Working Paper 115
Between the Lines of Socio-Cultures of Trauma: Republicanism, dissenters and the politics of meta-trauma in the Northern Irish conflict
Department ‘Integration and Conflict’
Year of publication
Number of pages
Working Paper 115
Longstanding political violence often leads to specific socio-cultures of trauma characterised socially by mass traumatisation and culturally by specific ways of representing and handling these traumatic experiences. While there is variation within such socio-cultures, certain ways of processing trauma become more hegemonic than others as powerful political actors back them.

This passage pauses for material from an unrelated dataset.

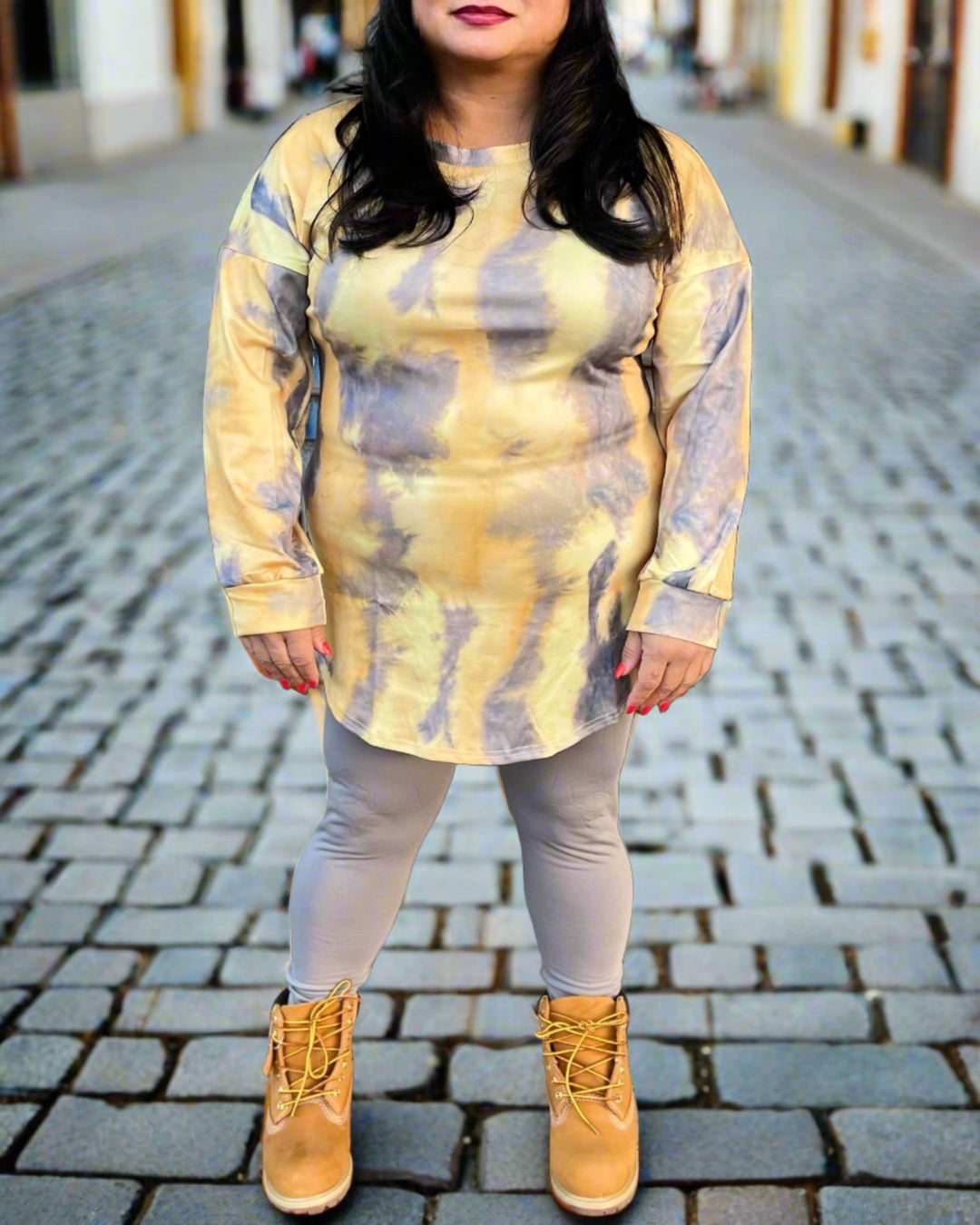 Arizona Tie Dye Sweat Dress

This creates context-specific configurations in which locals must find their way through empowered narratives of 'chosen trauma' and enforced silences of 'chosen amnesia'. In this article, based on in-depth life story interviews contextualised by fourteen months of ethnographic fieldwork in 2003–2004, I follow an exemplary informant from Catholic West Belfast, Northern Ireland, through his difficulties in locating himself within his local socio-culture of trauma. Characterising the ambivalence and problems he experienced when identifying himself as 'Irish', I suggest that these difficulties should be interpreted as resulting from his position 'between the lines': his ways of handling traumatic experiences did not square up with the hegemonic Republican trauma narrative but rather read 'between the lines' by filling in the blanks in Republican representations. Thereby de facto establishing a counter-narrative, this individual also positioned himself 'between the (front-)lines' of power, producing local encounters that were characterised, at best, by incomprehension and, at worst, by threatening silence and repudiation. The article concludes that this 'meta-trauma' – that is the traumatic experience of repeatedly failing to socio-culturally integrate one's own traumatic experiences – needs to be conceptualised and thereby processed against the politicised background of such socio-cultures of trauma rather than misinterpreted as an individualised failure to cope with a personal experience of suffering.